Monday 9 June 2014

It's not just about condoms.


When he was five my son came home from school with a letter telling me he was going to be having sex education lessons. Wondering exactly what they were going to teach my tiny weeney little boy I went into school in advance to watch the dvd they were showing.

It was nothing really, it just told them that mummy and daddy have different body parts and you need to have both to make a baby. It then told them that we may be different from one another but difference is good. I remember thinking my son would probably sit in front of it thinking “I’m going to be a fire engine when I grow up” or something equally as random and unrelated to the DVD.

I believe that at some point in his school career though he will get some “proper sex education.”   Our schools quite rightly tell our children that if they have sex without using a condom they can end up with babies and sexually transmitted diseases.

But sex and relationships are so intertwined why don’t schools teach our children what a healthy relationship looks like? If we can tell children that if you have sex without a condom you’ll probably get pregnant why can’t we tell them that if you have sex without respect you’ll probably get hurt?

In a country that speaks to girls about sexual relationships from the age of 5 why is it that 25% of those girls grow up to be trapped in abusive relationships? In a country that speaks to boys about sexual relationships from the age of 5 why is it that so many of those boys grow up to be abusers?

I’ve always believed we should talk to children about love and respect, about what a healthy relationship looks like. I’ve always thought that if we teach our young girls to demand respect from their sexual partners, if we build their self-esteem and self-confidence and teach them that they can say ”yes” safely but they can also choose to say “no” then we’ll have a much bigger impact on the rate of unwanted pregnancies which the UK seems to lead the rest of Europe in.

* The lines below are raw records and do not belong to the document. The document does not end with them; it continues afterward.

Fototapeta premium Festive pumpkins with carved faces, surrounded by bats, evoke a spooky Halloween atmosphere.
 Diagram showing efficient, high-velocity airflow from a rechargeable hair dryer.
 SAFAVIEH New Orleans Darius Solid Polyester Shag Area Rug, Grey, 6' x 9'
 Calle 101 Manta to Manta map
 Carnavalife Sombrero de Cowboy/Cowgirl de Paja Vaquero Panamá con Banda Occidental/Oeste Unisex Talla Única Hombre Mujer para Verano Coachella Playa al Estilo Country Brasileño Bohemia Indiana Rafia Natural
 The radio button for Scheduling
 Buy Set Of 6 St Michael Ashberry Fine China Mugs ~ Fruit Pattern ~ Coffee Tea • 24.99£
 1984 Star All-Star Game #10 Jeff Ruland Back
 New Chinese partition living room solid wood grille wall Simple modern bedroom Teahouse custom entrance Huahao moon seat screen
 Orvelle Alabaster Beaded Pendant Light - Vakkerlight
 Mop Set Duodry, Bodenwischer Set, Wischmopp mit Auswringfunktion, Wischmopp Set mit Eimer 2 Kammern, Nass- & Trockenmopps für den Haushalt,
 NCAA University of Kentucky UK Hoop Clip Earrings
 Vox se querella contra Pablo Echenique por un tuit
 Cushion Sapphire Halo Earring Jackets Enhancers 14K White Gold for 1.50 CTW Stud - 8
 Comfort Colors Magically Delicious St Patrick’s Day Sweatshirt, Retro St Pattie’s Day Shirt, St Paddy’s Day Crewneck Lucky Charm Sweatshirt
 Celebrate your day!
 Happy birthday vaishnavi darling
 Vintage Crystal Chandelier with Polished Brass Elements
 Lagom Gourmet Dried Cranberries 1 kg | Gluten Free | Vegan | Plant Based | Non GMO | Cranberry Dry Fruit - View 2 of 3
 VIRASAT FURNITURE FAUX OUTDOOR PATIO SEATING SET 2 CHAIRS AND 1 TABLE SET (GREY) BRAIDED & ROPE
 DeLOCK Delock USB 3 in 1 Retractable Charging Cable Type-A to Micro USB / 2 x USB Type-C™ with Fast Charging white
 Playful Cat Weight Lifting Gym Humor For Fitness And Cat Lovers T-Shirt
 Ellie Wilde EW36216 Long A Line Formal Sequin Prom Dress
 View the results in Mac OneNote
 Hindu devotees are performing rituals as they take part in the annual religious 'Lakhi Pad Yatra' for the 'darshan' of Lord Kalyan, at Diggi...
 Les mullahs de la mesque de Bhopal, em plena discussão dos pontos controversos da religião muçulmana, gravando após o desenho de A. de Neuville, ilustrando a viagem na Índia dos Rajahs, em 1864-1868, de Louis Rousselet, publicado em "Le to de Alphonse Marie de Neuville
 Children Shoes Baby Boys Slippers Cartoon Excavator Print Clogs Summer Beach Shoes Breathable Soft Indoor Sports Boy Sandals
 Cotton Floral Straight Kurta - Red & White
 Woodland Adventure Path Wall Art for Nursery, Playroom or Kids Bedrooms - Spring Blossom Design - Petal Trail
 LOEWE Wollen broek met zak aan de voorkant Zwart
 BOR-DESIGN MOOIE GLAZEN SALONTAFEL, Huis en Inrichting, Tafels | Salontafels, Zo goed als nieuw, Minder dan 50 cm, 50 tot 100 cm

But now I also think we need to be teaching girls about the red flags of domestic violence. I look back at the beginnings of my relationship and in retrospect see so many red flags, right from day one, that should have rung alarm bells, and I wonder if I’d been taught those lessons would I have spotted them and got out sooner?

I’m a bit stubborn and when I was 19 I liked to think I knew best so there’s a chance I wouldn’t have. But maybe I would. Maybe other girls would get out quicker if they knew what to look for….

And before all my feminist friends tell me off, we also need to educate boys about abuse. By teaching girls what to expect from a healthy relationship, and what an unhealthy relationship looks like we will better equip them to escape abuse. But educating boys not to abuse is the only way to eradicate abuse.